Abstract 704: The Omega-3 Fatty Acid Docosahexaenoate Attenuates Vascular Inflammation Reducing Endothelial Cyclooxygenase-2 Induction through the Inhibition of Both NADP(H) Oxidase and PKCε
Background and Aims. A high intake of the omega-3 fatty acid docosahexaenoate (DHA) has been associated with systemic anti-inflammatory effects and cardiovascular protection, but the molecular basis responsible for these effects remains incompletely defined. Cyclooxygenase (COX)-2 is responsible for the overproduction of prostaglandins (PG) at inflammatory sites and its expression is increased in human atheroma. We here investigated the effects of DHA on COX-2 expression and activity in human saphenous vein endothelial (HSVEC) cells challenged with proinflammatory stimuli, and explored underlying molecular mechanisms.
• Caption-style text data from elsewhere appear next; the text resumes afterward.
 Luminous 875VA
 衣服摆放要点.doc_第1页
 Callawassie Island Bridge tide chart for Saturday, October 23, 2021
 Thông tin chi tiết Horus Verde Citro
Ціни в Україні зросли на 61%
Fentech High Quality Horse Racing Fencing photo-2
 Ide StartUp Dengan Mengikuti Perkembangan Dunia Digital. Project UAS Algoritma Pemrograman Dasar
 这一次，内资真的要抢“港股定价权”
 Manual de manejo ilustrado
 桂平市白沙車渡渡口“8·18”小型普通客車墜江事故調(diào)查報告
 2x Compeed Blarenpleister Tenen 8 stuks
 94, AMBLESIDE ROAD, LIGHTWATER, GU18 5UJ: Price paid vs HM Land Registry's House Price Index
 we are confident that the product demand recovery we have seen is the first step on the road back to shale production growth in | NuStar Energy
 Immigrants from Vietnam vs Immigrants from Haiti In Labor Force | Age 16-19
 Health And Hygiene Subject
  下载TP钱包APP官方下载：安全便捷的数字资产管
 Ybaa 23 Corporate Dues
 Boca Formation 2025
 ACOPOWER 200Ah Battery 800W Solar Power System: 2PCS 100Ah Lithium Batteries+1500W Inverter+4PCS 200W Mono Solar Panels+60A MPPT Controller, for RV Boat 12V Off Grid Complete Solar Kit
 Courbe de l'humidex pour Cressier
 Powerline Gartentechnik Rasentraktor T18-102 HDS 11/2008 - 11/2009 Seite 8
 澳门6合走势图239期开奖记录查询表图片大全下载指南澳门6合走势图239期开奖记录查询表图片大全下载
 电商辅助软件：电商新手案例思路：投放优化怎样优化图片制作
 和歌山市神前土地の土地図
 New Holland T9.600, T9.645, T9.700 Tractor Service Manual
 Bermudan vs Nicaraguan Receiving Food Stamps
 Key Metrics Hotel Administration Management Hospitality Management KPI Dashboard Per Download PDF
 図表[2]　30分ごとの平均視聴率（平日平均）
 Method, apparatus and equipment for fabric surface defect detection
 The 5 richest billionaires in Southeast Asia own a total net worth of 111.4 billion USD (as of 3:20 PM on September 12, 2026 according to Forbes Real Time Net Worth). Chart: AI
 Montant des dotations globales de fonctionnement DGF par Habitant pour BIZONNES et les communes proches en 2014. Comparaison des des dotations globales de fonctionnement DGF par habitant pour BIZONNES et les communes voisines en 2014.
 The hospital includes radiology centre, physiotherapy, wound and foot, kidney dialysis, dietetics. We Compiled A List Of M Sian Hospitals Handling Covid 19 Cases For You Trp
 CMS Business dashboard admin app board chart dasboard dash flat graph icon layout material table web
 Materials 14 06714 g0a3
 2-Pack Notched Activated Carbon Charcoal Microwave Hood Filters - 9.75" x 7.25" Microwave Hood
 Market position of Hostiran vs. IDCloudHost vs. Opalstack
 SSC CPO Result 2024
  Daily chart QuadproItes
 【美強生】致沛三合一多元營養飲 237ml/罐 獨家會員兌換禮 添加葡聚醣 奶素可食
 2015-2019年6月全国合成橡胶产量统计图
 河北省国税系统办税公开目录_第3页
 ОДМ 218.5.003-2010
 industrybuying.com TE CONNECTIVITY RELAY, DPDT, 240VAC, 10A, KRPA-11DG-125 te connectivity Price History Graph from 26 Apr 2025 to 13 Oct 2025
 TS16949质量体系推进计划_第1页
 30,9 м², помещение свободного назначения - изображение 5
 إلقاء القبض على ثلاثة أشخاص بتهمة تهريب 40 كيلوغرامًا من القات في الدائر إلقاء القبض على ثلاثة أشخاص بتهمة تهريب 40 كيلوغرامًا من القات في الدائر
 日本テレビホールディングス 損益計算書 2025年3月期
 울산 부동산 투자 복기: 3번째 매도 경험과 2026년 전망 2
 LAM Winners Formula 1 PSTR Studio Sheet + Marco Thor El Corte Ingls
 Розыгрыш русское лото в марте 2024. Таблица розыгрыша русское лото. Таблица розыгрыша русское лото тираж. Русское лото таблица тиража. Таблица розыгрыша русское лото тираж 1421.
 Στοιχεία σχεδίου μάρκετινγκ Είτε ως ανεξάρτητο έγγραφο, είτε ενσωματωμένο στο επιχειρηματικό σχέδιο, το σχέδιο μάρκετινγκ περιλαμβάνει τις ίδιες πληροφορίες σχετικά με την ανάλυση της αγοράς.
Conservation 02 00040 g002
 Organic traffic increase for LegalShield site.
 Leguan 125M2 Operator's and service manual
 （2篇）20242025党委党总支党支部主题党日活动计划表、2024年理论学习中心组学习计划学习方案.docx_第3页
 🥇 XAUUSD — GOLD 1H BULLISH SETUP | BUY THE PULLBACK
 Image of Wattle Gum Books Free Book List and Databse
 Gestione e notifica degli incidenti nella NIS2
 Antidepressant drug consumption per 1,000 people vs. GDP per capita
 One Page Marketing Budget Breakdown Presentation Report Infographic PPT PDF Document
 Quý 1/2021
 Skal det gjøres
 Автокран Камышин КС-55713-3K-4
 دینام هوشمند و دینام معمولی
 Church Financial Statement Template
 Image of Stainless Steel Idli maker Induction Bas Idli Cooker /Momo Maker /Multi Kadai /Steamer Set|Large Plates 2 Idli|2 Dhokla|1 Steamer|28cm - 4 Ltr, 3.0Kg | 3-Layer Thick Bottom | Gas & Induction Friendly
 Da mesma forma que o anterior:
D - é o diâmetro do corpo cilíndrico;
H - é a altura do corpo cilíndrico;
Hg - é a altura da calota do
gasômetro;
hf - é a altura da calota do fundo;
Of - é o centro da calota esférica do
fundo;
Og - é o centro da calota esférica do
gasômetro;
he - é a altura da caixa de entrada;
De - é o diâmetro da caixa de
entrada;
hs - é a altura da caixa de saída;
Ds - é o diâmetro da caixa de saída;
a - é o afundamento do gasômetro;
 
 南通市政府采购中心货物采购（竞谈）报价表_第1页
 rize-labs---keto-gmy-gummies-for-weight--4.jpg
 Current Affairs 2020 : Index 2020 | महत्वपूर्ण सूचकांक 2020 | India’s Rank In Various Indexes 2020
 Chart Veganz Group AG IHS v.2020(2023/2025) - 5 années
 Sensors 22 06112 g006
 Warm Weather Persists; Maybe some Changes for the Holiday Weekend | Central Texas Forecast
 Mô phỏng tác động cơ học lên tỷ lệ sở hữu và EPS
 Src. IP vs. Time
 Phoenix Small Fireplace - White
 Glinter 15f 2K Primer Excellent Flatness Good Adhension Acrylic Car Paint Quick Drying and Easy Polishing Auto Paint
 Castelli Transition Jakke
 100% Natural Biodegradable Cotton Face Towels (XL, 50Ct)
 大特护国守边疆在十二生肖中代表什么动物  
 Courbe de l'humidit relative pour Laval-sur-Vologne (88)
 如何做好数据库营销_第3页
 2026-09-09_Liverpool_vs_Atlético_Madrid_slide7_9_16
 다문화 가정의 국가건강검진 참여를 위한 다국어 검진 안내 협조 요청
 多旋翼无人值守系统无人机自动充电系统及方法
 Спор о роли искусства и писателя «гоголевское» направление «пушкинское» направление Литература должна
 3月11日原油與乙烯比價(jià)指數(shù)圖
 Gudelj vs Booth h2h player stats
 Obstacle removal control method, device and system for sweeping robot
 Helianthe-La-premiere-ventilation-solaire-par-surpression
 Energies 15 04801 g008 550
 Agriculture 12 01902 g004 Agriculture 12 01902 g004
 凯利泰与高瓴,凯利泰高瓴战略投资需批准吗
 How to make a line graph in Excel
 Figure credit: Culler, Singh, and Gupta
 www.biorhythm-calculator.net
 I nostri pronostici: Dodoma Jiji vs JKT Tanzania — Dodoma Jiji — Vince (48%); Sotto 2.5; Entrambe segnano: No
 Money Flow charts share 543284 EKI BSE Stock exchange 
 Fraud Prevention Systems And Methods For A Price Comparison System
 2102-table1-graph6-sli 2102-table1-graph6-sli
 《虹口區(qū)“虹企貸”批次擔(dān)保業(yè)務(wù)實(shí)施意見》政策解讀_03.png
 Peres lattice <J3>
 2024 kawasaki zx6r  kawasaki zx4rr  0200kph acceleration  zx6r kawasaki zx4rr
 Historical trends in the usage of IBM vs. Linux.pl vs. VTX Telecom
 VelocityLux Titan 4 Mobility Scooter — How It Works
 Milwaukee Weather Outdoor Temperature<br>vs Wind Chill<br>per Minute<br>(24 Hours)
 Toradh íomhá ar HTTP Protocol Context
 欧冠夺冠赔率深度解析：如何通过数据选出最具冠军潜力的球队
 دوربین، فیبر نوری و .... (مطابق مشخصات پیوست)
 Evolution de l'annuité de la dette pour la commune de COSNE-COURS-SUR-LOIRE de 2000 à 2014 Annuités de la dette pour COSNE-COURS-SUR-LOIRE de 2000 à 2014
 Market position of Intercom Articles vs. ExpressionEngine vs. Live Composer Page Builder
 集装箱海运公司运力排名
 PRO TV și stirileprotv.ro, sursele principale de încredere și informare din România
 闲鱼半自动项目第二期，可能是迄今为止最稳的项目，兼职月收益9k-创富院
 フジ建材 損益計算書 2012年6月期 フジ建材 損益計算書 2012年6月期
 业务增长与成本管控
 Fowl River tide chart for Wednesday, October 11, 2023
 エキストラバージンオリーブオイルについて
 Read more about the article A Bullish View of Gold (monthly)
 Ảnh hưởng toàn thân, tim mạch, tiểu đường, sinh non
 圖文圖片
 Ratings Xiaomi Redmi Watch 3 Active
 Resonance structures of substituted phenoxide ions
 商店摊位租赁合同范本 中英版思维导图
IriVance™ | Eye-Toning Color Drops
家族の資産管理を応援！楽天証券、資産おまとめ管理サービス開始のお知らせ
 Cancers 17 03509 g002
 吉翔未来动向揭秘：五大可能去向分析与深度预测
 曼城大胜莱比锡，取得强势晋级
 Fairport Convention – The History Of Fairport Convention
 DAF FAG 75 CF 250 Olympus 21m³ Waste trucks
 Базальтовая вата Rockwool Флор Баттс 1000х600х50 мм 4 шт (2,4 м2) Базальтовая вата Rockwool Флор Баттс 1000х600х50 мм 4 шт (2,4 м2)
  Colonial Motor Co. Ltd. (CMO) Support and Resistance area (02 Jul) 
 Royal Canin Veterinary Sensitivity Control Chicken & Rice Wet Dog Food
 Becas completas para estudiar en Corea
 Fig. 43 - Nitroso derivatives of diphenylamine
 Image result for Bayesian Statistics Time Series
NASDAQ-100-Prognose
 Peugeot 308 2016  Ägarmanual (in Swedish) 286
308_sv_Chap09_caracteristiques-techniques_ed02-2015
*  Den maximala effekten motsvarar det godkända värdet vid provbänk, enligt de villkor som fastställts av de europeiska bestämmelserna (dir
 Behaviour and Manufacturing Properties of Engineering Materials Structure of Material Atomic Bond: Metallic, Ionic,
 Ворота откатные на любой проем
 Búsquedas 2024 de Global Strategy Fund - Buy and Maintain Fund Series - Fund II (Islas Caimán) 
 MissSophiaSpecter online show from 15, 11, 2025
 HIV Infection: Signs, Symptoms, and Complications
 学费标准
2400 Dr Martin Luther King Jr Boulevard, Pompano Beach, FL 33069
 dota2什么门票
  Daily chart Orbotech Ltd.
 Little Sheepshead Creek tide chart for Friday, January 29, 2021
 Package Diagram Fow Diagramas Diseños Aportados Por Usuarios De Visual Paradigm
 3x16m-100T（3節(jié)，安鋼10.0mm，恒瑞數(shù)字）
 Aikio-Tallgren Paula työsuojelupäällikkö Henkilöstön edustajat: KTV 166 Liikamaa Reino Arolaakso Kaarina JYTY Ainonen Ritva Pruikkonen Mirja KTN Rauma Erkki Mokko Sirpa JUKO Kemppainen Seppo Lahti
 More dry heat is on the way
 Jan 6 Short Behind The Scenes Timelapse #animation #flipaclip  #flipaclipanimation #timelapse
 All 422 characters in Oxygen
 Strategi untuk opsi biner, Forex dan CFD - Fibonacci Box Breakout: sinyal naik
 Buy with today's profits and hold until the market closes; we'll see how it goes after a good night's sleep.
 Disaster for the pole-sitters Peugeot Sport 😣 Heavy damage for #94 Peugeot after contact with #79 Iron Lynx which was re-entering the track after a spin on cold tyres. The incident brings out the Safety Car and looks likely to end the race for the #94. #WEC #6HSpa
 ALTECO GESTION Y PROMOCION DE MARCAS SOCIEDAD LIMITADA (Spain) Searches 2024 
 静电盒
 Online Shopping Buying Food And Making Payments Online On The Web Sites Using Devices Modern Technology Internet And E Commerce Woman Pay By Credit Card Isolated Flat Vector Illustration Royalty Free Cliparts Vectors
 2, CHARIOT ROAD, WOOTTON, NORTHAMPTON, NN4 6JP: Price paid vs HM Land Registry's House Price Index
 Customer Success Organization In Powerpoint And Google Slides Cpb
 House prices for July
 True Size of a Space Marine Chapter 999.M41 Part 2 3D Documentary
Methods and Results. A long-term (24 –72 h) exposure of HSVEC to DHA (10 –25 μmol/L) significantly reduced IL1α- and PMA-stimulated PG production, as well as COX-2 protein (by 50%, at Western analysis) and mRNA (by 70%, Northern analysis). Analysis of COX-2 promoter activity showed that DHA effect was dependent on the Nuclear Factor (NF)-κB binding sites in the COX-2 promoter, and electrophoretic mobility shift assays (EMSA) confirmed that DHA attenuated NF-κB activation. Since mitogen-activated protein kinases, protein kinase-C (PKC), and NAD(P)H oxidase all participate in IL-1-mediated COX-2 expression, we tested whether these enzymatic activities were affected by DHA. Western analysis and immunofluorescence showed that DHA blocked nuclear p65 NF-κB subunit translocation by decreasing cytokine-stimulated reactive oxygen species release (by 50%, at a DCF assay) and ERK1/2 activation (by 50%, at Western analysis) via the reduction of both NAD(P)H oxidase and PKCε activities. Because COX-2 overexpression in atherosclerosis appears linked to plaque inflammation and instability, these studies provide a valuable mechanistic explanation for the observed anti-inflammatory and plaque-stabilizing effects of DHA.